Brand Nubian released their first single, Brand Nubian (Elektra), in 1986. However, four years would pass before the release of their critically acclaimed debut album, One For All  (Elektra). After signing with Elektra Records, the group put out One For All in 1990, and the album was met with the type of controversy one might expect from content that reflected the arguably racist and homophobic rhetoric of the militant teachings of the Nation of Gods and Earths. Predictably, the controversy did little to preclude the album from becoming a success. The most controversial singles received the most attention, including “Drop the Bomb” and “Wake Up.” “Slow Down,” “All for One,” and “Wake Up” made their way onto the Billboard Hot Rap Tracks chart, but it was “Wake Up” that received the bulk of the attention for its foray into the mainstream media. “Wake Up” was released with a video, directed by hip-hop pioneer and host of Yo! MTV Raps Fab Five Freddy, which was ultimately banned from MTV until changes were made. Namely, the video had originally featured an African American man in whiteface. The video was edited to replace that character with a Baptist preacher. Brand Nubian often found themselves on the defensive for extolling a strain of reverse racism, a quality that left many Elektra employees feeling conflicted about promoting the album and the group. While One For All never showed any major chart movement, it is still in print nearly 20 years later and is widely regarded as a quintessential alternative hip-hop album for any collector.


Following the release of All For One, Brand Nubian began to suffer from internal conflicts as issue had been raised with Grand Puba’s dominance over the lyrics and rapping for the group. Grand Puba and DJ Alamo eventually left the band, and Sadat X and Lord Jamar brought in DJ Sincere to round out the new lineup. 1992 found the new Brand Nubian releasing a single that was a hit, despite its overt homophobic rhymes; “Punks Jump Up to Get Beat Down” (Elektra) climbed to number 77 on the Billboard Hot 100. In the same year, Grand Puba released his solo debut, Reel to Reel (Elektra), which featured the single “360 Degrees (What Goes Around).”


Brand Nubian continued to exist without Grand Puba and DJ Alamo, and in doing so became even bolder in their pro-Islamic Nation of Gods and Earths rhetoric. The group had now become very vocal supporters of the controversial Minister Louis Farrakhan and in doing so lost steam with the MTV demographic. In 1993, the group released In God We Trust (Elektra) and while it sold well, nearing the Top Ten mark on the Billboard R&B charts, the inclusion of the anti-gay “Punks Jump Up to Get Beat Down” kept it tethered down.

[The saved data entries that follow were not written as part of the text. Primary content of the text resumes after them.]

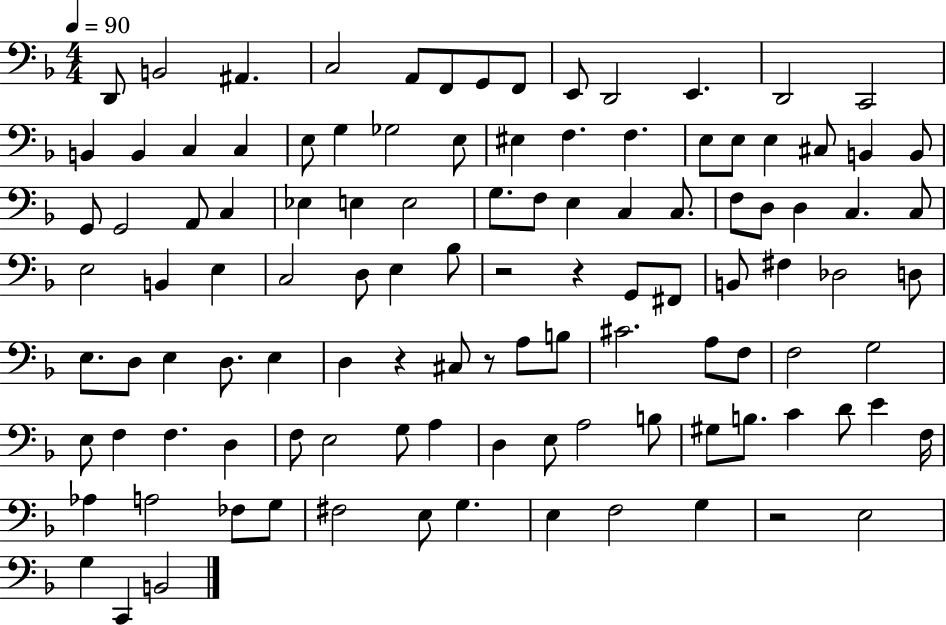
{
  \clef bass
  \numericTimeSignature
  \time 4/4
  \key f \major
  \tempo 4 = 90
  d,8 b,2 ais,4. | c2 a,8 f,8 g,8 f,8 | e,8 d,2 e,4. | d,2 c,2 | \break b,4 b,4 c4 c4 | e8 g4 ges2 e8 | eis4 f4. f4. | e8 e8 e4 cis8 b,4 b,8 | \break g,8 g,2 a,8 c4 | ees4 e4 e2 | g8. f8 e4 c4 c8. | f8 d8 d4 c4. c8 | \break e2 b,4 e4 | c2 d8 e4 bes8 | r2 r4 g,8 fis,8 | b,8 fis4 des2 d8 | \break e8. d8 e4 d8. e4 | d4 r4 cis8 r8 a8 b8 | cis'2. a8 f8 | f2 g2 | \break e8 f4 f4. d4 | f8 e2 g8 a4 | d4 e8 a2 b8 | gis8 b8. c'4 d'8 e'4 f16 | \break aes4 a2 fes8 g8 | fis2 e8 g4. | e4 f2 g4 | r2 e2 | \break g4 c,4 b,2 | \bar "|."
}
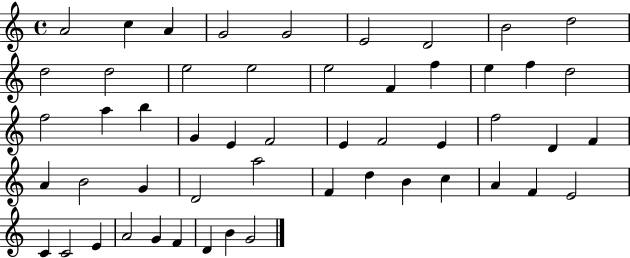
X:1
T:Untitled
M:4/4
L:1/4
K:C
A2 c A G2 G2 E2 D2 B2 d2 d2 d2 e2 e2 e2 F f e f d2 f2 a b G E F2 E F2 E f2 D F A B2 G D2 a2 F d B c A F E2 C C2 E A2 G F D B G2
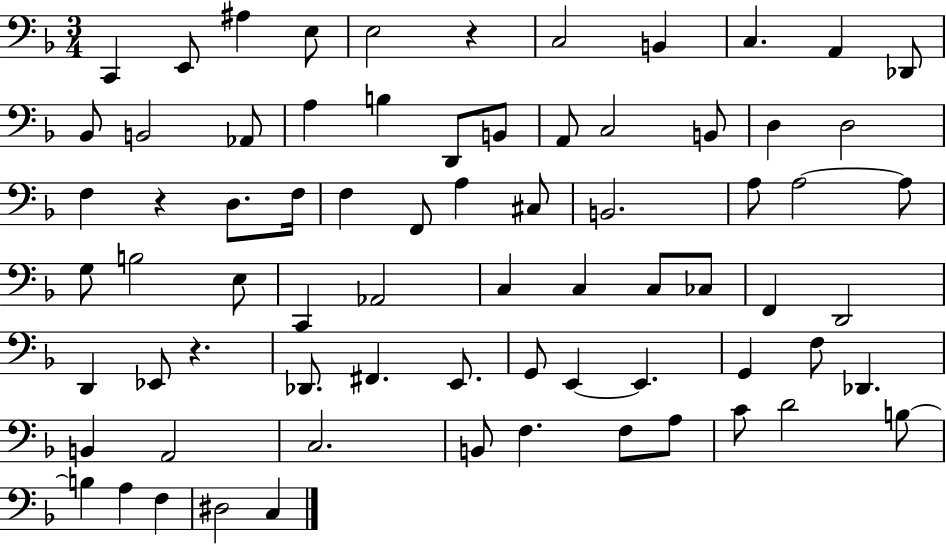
X:1
T:Untitled
M:3/4
L:1/4
K:F
C,, E,,/2 ^A, E,/2 E,2 z C,2 B,, C, A,, _D,,/2 _B,,/2 B,,2 _A,,/2 A, B, D,,/2 B,,/2 A,,/2 C,2 B,,/2 D, D,2 F, z D,/2 F,/4 F, F,,/2 A, ^C,/2 B,,2 A,/2 A,2 A,/2 G,/2 B,2 E,/2 C,, _A,,2 C, C, C,/2 _C,/2 F,, D,,2 D,, _E,,/2 z _D,,/2 ^F,, E,,/2 G,,/2 E,, E,, G,, F,/2 _D,, B,, A,,2 C,2 B,,/2 F, F,/2 A,/2 C/2 D2 B,/2 B, A, F, ^D,2 C,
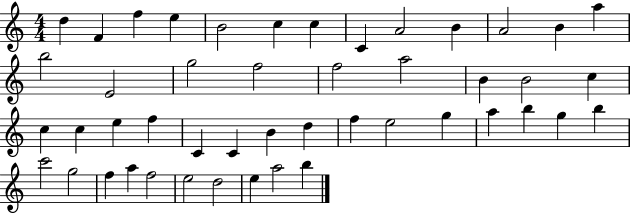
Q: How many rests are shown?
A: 0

However, the single “Love Me or Leave Me Alone” ranked at number 92 on the Hot 100 Singles chart. Shortly after the release of In God We Trust, the group was added to the Menace II Society soundtrack with the track “Lick Dem Muthphuckas.”


As controversy continued to surround the group, they released 1994’s Everything is Everything (Elektra). Sales of the album were a disappointment even though the singles “Word is Bond” and “Hold On” climbed their way to the Top 40 Hot Rap Singles. Brand Nubian broke up in 1995 and left Elektra amid a flurry of controversy and egos that led to several divergent projects among the remaining members. Sadat X put out his debut solo effort Wild Cowboys (Loud/RCA) in 1996 and Grand Puba released his sophomore solo album, 2000 (Elektra), only months before in 1995.


Brand Nubian reunited in 1997 in its original form with Grand Puba and DJ Alamo. The following year, they released Foundation (1998 Arista), which includes the Billboard Hot 100 number 54 charter “Don't Let it Go to Your Head,” the highest charting single to date for the band. DJ Premier, O.Gee, C.L. Liggio, Lord Finesse, Diamond D, and Buckwild provided the beats for Foundation, updating the sound greatly. In 2000, Brand Nubian teamed up with Buckwild once more to release the single “Rockin’ It” (Kurrup Money Records).


In 2007, Brand Nubian released Time’s Runnin’ Out (Traffic Entertainment), officially their sixth album, on Traffic Entertainment. Production on this album is credited to Grand Puba, Lord Jamar, Lord Finesse, and DJ Alamo.